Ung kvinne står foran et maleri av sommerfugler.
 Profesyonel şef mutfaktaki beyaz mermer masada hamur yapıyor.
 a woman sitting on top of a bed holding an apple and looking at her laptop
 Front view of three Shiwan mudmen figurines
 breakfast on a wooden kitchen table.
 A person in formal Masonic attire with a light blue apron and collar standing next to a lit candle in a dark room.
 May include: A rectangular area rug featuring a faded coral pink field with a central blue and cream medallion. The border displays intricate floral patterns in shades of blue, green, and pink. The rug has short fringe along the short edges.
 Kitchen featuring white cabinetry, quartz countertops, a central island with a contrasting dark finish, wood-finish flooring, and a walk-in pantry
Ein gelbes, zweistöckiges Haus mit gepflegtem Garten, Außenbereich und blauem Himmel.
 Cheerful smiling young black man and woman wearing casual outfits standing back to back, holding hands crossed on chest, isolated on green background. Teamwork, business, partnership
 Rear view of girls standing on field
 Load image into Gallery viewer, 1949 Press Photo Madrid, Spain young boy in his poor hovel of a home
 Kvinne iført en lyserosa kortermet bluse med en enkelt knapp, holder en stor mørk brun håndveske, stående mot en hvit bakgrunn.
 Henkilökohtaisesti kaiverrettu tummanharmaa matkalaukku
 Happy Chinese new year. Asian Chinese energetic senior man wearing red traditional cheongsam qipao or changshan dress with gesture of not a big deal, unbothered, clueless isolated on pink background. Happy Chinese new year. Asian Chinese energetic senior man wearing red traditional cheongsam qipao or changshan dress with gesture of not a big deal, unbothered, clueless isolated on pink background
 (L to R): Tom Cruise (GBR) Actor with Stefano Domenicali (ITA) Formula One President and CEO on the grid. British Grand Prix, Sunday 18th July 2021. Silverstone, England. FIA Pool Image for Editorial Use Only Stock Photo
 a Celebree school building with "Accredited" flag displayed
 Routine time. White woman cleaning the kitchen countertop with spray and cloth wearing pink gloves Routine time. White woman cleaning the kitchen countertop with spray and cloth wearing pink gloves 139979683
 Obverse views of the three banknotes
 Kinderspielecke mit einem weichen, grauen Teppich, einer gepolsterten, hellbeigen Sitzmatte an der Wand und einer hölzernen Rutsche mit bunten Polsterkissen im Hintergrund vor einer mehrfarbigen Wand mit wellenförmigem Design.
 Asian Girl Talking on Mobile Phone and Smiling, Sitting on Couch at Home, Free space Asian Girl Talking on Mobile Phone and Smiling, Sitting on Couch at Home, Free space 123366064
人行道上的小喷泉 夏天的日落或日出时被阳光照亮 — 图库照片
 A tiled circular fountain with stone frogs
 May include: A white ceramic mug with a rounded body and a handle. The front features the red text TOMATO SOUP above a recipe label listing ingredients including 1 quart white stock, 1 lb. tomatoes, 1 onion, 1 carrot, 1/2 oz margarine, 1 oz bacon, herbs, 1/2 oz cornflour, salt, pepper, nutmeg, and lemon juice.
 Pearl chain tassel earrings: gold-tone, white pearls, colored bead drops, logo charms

• • • • •

→ **EXERCISE BRIEF**
Above are the records. Copy the lines beginning at the one that has "Cheerful smiling young" and ending with the one that has "a Celebree school", unchanged.

→ **TASK RESULT**
 Cheerful smiling young black man and woman wearing casual outfits standing back to back, holding hands crossed on chest, isolated on green background. Teamwork, business, partnership
 Rear view of girls standing on field
 Load image into Gallery viewer, 1949 Press Photo Madrid, Spain young boy in his poor hovel of a home
 Kvinne iført en lyserosa kortermet bluse med en enkelt knapp, holder en stor mørk brun håndveske, stående mot en hvit bakgrunn.
 Henkilökohtaisesti kaiverrettu tummanharmaa matkalaukku
 Happy Chinese new year. Asian Chinese energetic senior man wearing red traditional cheongsam qipao or changshan dress with gesture of not a big deal, unbothered, clueless isolated on pink background. Happy Chinese new year. Asian Chinese energetic senior man wearing red traditional cheongsam qipao or changshan dress with gesture of not a big deal, unbothered, clueless isolated on pink background
 (L to R): Tom Cruise (GBR) Actor with Stefano Domenicali (ITA) Formula One President and CEO on the grid. British Grand Prix, Sunday 18th July 2021. Silverstone, England. FIA Pool Image for Editorial Use Only Stock Photo
 a Celebree school building with "Accredited" flag displayed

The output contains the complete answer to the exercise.